Add episode reward variance into matrix and tensorboard


I am using RLlib for training my own robot agent.
I want to ask how to obtain the variance of reward over a period, maybe as same as the period of computation of episode_reward_mean.

It will be better If the variance can be shown in tensorboard so that I can postprocess and plot it after training.

Appreciate any idea about this!

This is a good place to start looking, maybe you can contribute a patch for episode_reward_stddev to RLlib? :slight_smile:

Hi, gjoliver.

Thanks a lot for your helpful information.

Based on the code you mentioned, I have a very simple idea to add stddev computation lines into following part:

reward_stddev = np.std(episode_rewards)
reward_stddev = float("nan")

and then the return dict of this function should also be added with

episode_rewards_stddev = reward_stddev,

One thing I want to ask is about tensorboard.
I checked the code in tune/logger and train/callbacks/logging and
the data should be added into tensorboard if it is the instance of one of predefined data classes.

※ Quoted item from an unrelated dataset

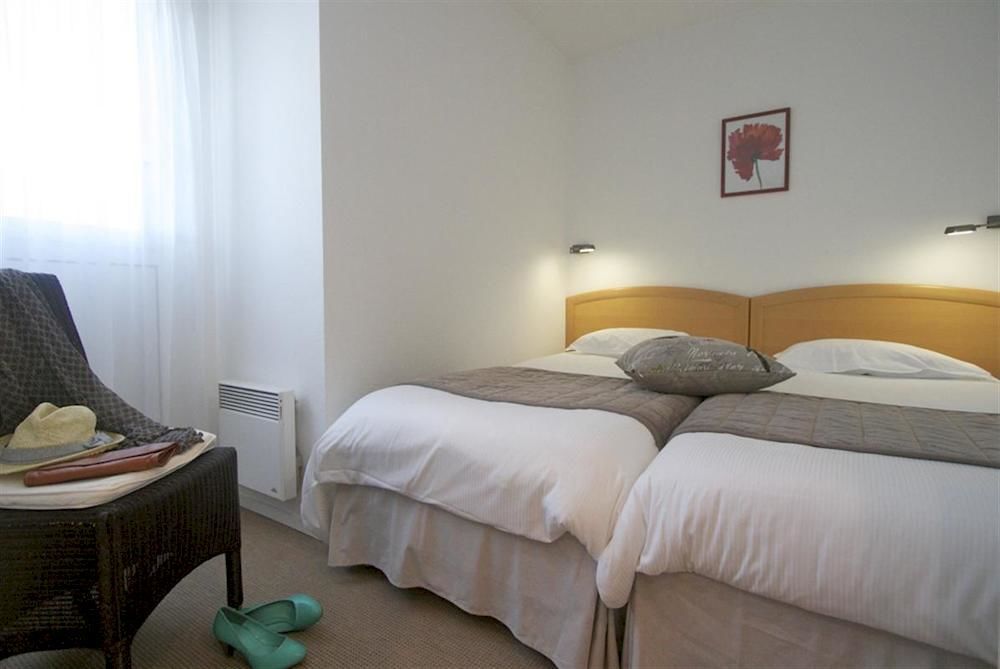 Louison Appart & Suite Quiberon Exterior photo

But I didn’t see like policy_reward_min item in my previous experiments, so why was that?
Is it because the data corresonding to policy_reward_min does not belong to limited data classes, or there is other processing that stops these items being added into tensorboard?

I double checked with the team, as long as your metrics are part of the result dict that is returned to Tune, TBXLogger will automatically log it to the tensorboard output file:

Thank you for this reply.
I will check my own code for that.